Women and Millennials Are the Fastest-Growing Forces in Art Collecting, a New Study Finds
Nearly one third of wealthy women own art or are interested in buying it.
Statistics about the collecting patterns of new or newly wealthy art buyers are notoriously hard to come by, apart from what can be gleaned through analyzing auction data, usually at the very top of the market. However, the latest survey from US Trust, the private wealth management division of Bank of America, may help shine more light on the matter.
The findings showed that while the traditional art market is still largely dominated by male collectors, women are an undeniably growing force. Among all survey respondents, one in three high-net-worth women either owns art (14 percent) or is interested in collecting (16 percent), with interest among women higher than men. A considerable uptick in online art buying is also being largely driven by women, the survey found.

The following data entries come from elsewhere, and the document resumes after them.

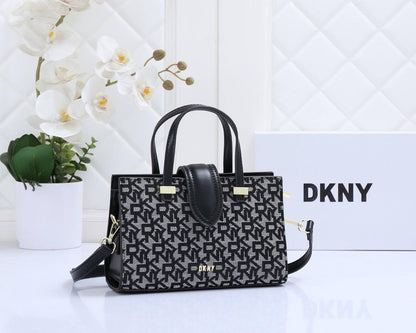Dkny
Good quality 
Size 23*cm
100 dhs🇦🇪🇦🇪
With box 📦🔥🔥

Zain70
♥️♥️♥️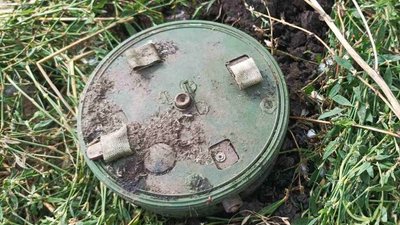 Вибухотехніки поліції з Житомирської області вже понад місяць розміновують деокуповані території Харківщини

US Trust has been periodically surveying wealthy households since 1993. The latest independent study surveyed 892 high-net-worth and ultra-high-net-worth households across the country. The special section on art includes findings about respondents’ reasons for buying, frequency of buying and selling, and their longer-term views of their art holdings, such as aesthetic value versus financial appreciation.
While baby boomers are still the dominant generation of art collectors—comprising about half of all current collectors—millennials are the fastest growing segment. Their rates of art ownership rose 8 percent since last year, to 36 percent of the total respondents.
While aesthetic enjoyment continues to be the primary reason for collecting art, “a generational shift is now underway,” the survey said. Younger collectors tend to be more financially driven and attuned to the role of art as a financial asset, with a third of millennial collectors seeing their art as an asset to leverage into more wealth. This new generation of aspiring collectors is also drawn to the social aspects of collecting, such as engaging with other collectors and artists, the survey found.
More than 75 percent of the collectors polled said they “anticipate making a purchase this year.” Nearly all (97 percent) of millennial collectors and 60 percent of Gen X collectors said they would buy this year. Plus, younger collectors appear to have less reservation when it comes to selling: “The old adage that collectors aren’t sellers is fading. . .Expect more market churn going forward, especially via digital channels, which may bode well for auction houses and dealers.”
The survey also showed a considerable uptick in online art buying: 43 percent more collectors bought art online in the past year compared with 2017. Women were the biggest drivers of the growth in online acquisitions, which may be partly attributed to the “rise of the digital channel for decorative arts in particular,” according to the survey.